4: Runtime helpers and scheduling

Two consumers ride the daemon without you calling /dispatch yourself: the async runtime helpers, and the scheduler.

4.1: The runtime helpers

Phlo's helpers for running a target out of band all use the pool when the app opts in, and fall back to a one-shot subprocess otherwise:

Helper Does
phlo_sync('Class::method', ...$args) Run a target and wait for its return value
phlo_async('Class::method', ...$args) Queue a target fire-and-forget; returns once accepted
await($job, $job, ...) Run many targets concurrently and collect their results
phlo_stream('Class::method', ...$args) Yield a target's output line by line

The opt-in is one constant in the app entrypoint:

phlo_app(
    id: 'Api',
    host: 'api.example.com',
    daemon: 3001,
);

With daemon set, the helpers dispatch by app path onto the pool; without it, they spawn a one-shot process exactly as before. The app code is identical either way, so adopting the daemon only changes throughput.

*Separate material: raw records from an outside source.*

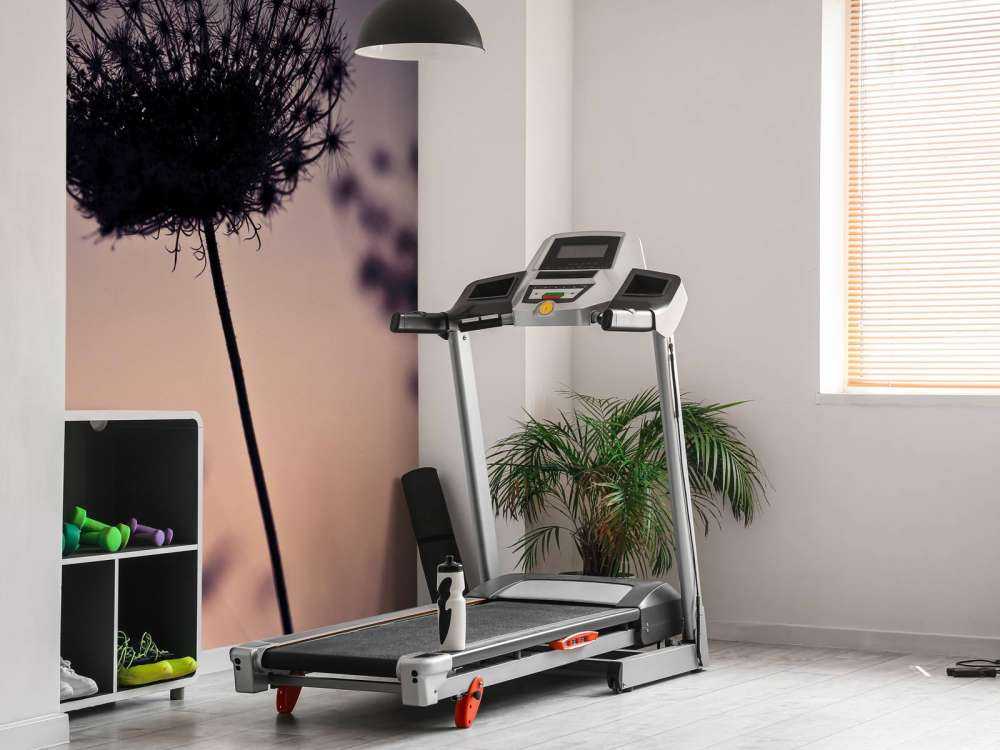 Silhouette of flowers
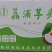 荔浦芋头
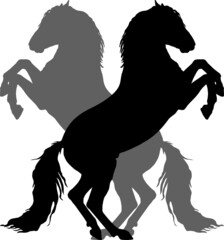 silhouettes of two Spanish horses standing on their hind legs, isolated on a white and landscape background.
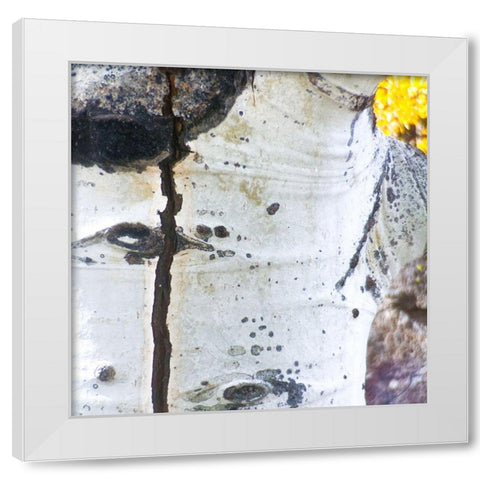 Aspens In The Fall 5 White Modern Wood Framed Art Print by Tenoever, William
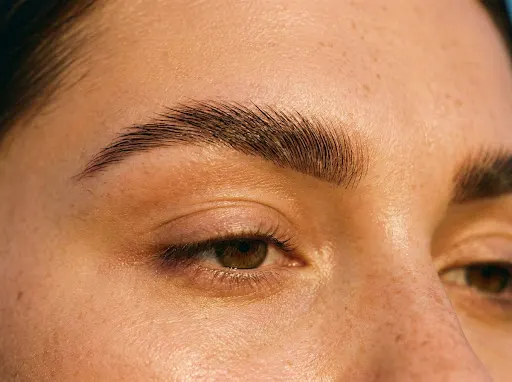 Brow artists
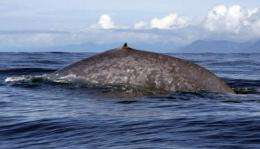 Blue whales re-establishing former migration patterns: research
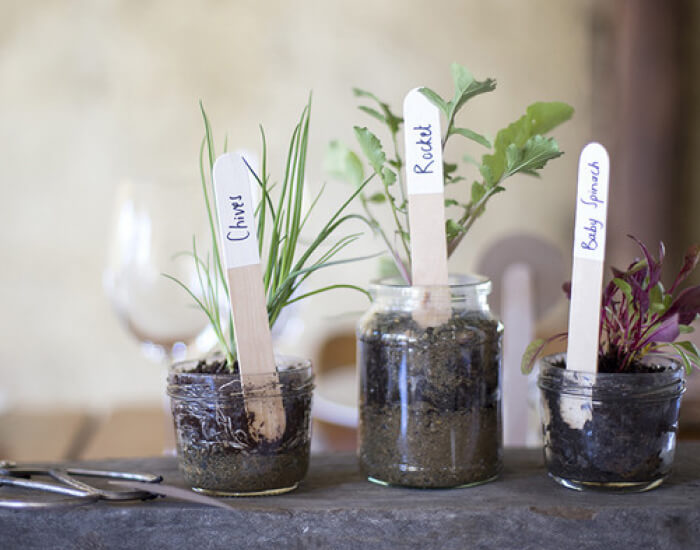 Provide Guests with Low Waste Favors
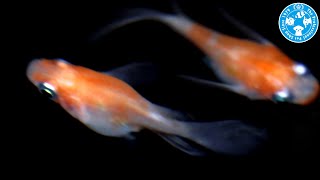 【チャーム】松井ヒレ長紅白ダルマメダカ Oryzias latipes var. メダカ charm動画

The gain is largest when one request fans out. await() over a hundred jobs is a hundred app boots on the one-shot path, but a hundred dispatches onto a resident pool with the daemon, bounded by the worker count instead of an unbounded burst of subprocesses:

$results = await(
    ['translate::run', 'nl', $text],
    ['translate::run', 'de', $text],
    ['translate::run', 'fr', $text],
)

4.2: Scheduling without cron

The daemon can run targets on an interval, which replaces the per-app cron entry behind the tasks resource. Each schedule entry is {app, target, every, build}: the absolute app.php path, the target, the interval in seconds, and whether to run it one-shot. Each fires on its interval with the first run one interval after boot, just like a cron tick:

[
    { app: '/srv/api/www/app.php',       target: 'tasks::run',  every: 60,  build: false },
    { app: '/srv/dashboard/www/app.php', target: 'fleet::poll', every: 120, build: true },
]

Everything downstream is unchanged: the same %app->tasks matching, the same due-check, the same on-disk state. Cron stays the fallback for hosts without a daemon; you pick one trigger, not both.